The last line references Khan’s role as a “human-rights lawyer,” which brings us to his true nature. In fairness, some might say that he has assimilated into British culture — and absorbed the worst of it: political correctness.
While most of the critical coverage of “London’s first Muslim mayor” has understandably focused on the fear of having a jihadist at the helm, Khan appears a leftist, not a Salafist. The son of Pakistani parents, Khan may call himself a practicing Muslim — he observed Ramadan, fasting and all — but his conception of the faith likely won’t win the approval of the local imam. He supports faux marriage (so-called “gay marriage”), a position that, punctuating his general liberalism, inspired death threats from pious Muslims; in fact, explaining that he had a fatwa (death sentence) issued against him, he considered hiring bodyguards for his wife and two children.
Khan has also expressed concern about women wearing traditional Muslim garb. As he said in an interview with the London Evening Standard last month, “When I was younger you didn’t see people in hijabs and niqabs, not even in Pakistan when I visited my family. In London we got on. People dressed the same. What you see now are people born and raised here who are choosing to wear the jilbab or niqab.” Khan went on to say that there’s “a question to be asked about what is going on in those homes,” lamenting that people may be “starting to think it is appropriate to treat women differently” and that women and children perhaps are being “forced to adopt a lifestyle.”
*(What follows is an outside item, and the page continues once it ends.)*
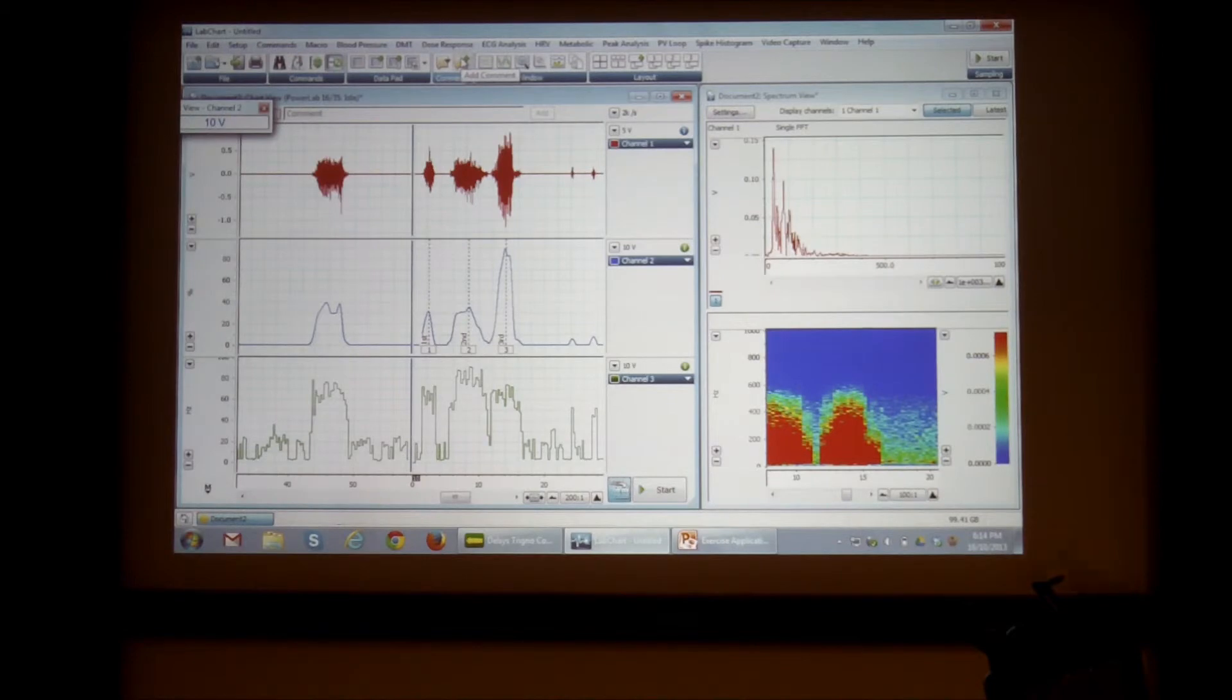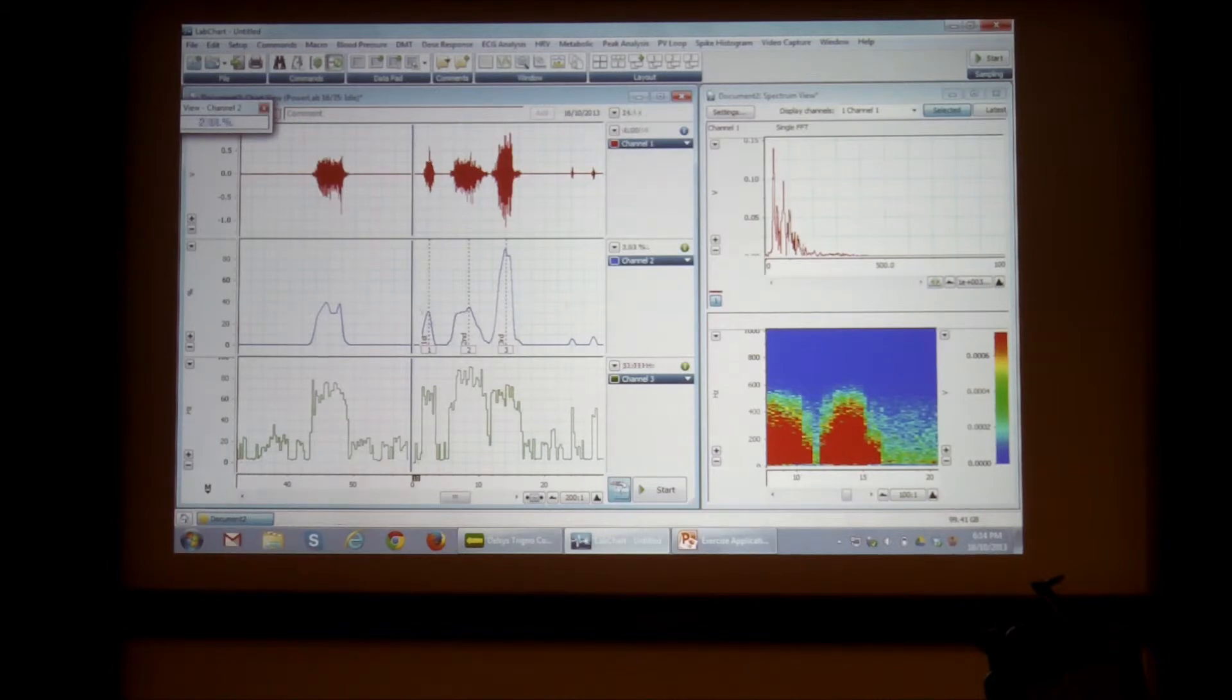So first, second, third contraction. Then what I'm going to do is I'm going to add this information to our data pad.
Of course, this is leftist boilerplate. In reality, all civilizations treat men and women differently in certain ways, and children always have one lifestyle or another imposed on them by parents (this isn’t to endorse the Muslim model); it’s just a matter of whether the standards reflect Truth or a lie. Nonetheless, Khan struck a libertarian note when asked if women in London should be allowed to veil their faces, saying, “It’s not for me to tell women what to wear. But I do think that in public service we should be able to see each other’s faces. Eye contact matters. You should be able to see the face.”
So does this reflect Khan’s true face? It appears so. The son of a bus driver, Khan grew up with seven siblings in a government-subsidized apartment but now enjoys facials and manicures and shops at Banana Republic. He also told the Standard that there “is no other city in the world where I would want to raise my daughters than London. They have rights, they have protection, the right to wear what they like, think what they like, to meet who they like, to study what they like, more than they would in any other country.” Of course, this is untrue given Britain’s Truth-stifling hate-speech laws. But it’s precisely what one would expect from a leftist, that freedom to be a leftist would be perceived as having all the freedom that matters.
So Goldsmith is wrong: Khan is an extremist in that he reflects the West’s extremely deviant leftism (though he’s likely a moderate leftist by British standards). Even his untoward associations are precisely what one would expect from leftists, in line with our liberals who break bread with La Raza or the Council on American-Islamic Relations (CAIR). As for his Uncle Tom remark, for which he later apologized, note that he didn’t characterize “moderate” Muslims as apostates, as is jihadists’ wont. He used a descriptive typical of leftist rabble-rousers.
Thus, the main problem is not that Khan (and other leftists) exploits radical Muslim constituencies. It’s that leftism — via multiculturalism and culture-rending immigration policies — has created those constituencies, which both enable and are used by demagogues.
So skeptics are right to question Khan’s jihadist sympathies, despite his insistence that he has spent his “whole adult life fighting extremism” and will continue in that vein. But this isn’t so much because he reflects a group that plants bombs — it’s more because he represents the group that, in the first place, planted a time-bomb in Western Europe’s midst.